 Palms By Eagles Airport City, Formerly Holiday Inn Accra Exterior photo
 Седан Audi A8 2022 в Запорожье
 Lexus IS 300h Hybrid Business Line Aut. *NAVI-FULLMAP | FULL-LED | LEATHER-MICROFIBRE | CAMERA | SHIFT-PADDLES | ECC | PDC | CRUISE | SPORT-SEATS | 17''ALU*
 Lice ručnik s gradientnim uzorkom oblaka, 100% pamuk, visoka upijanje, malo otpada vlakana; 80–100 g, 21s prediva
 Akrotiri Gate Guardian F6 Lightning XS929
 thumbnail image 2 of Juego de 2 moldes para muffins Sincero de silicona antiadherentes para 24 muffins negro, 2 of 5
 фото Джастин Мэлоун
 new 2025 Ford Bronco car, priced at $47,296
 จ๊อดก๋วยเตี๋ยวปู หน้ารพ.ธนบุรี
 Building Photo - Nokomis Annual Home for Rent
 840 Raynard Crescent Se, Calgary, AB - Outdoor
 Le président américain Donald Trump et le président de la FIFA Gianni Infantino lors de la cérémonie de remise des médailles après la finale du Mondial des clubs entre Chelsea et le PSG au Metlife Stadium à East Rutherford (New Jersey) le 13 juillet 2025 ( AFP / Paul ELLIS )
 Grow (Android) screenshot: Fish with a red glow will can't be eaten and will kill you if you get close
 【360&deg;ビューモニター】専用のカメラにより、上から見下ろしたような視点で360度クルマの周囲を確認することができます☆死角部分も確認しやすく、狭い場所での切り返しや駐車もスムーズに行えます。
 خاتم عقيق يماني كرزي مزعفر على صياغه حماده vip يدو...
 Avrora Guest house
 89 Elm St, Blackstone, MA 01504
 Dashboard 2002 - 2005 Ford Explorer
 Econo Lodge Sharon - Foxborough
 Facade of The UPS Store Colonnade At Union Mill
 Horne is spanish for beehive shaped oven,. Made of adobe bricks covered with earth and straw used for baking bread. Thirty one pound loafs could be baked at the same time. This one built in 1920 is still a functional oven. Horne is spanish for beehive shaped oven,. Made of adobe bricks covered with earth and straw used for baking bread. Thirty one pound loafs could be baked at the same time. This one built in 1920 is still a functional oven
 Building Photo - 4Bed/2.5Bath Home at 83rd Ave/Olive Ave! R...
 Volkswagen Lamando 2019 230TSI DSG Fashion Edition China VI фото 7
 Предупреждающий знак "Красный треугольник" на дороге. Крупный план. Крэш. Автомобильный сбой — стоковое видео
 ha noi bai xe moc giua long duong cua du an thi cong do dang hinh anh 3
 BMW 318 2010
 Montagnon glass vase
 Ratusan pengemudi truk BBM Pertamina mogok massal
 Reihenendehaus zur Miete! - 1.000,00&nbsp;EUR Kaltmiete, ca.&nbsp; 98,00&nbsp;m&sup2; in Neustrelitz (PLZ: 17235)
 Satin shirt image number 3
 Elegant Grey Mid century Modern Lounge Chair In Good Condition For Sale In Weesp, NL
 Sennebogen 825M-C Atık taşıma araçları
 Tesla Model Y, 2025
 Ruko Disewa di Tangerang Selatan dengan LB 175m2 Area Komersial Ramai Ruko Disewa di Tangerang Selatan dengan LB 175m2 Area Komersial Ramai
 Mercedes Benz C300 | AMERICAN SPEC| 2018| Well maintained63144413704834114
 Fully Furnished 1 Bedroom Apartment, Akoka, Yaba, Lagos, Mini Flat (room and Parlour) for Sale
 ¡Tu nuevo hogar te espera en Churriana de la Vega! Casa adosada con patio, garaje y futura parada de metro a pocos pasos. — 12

- _ASSIGNMENT_:
Each line in the listing that contains "image" should be returned.

- _WRITTEN ANSWER_:
 thumbnail image 2 of Juego de 2 moldes para muffins Sincero de silicona antiadherentes para 24 muffins negro, 2 of 5
 Satin shirt image number 3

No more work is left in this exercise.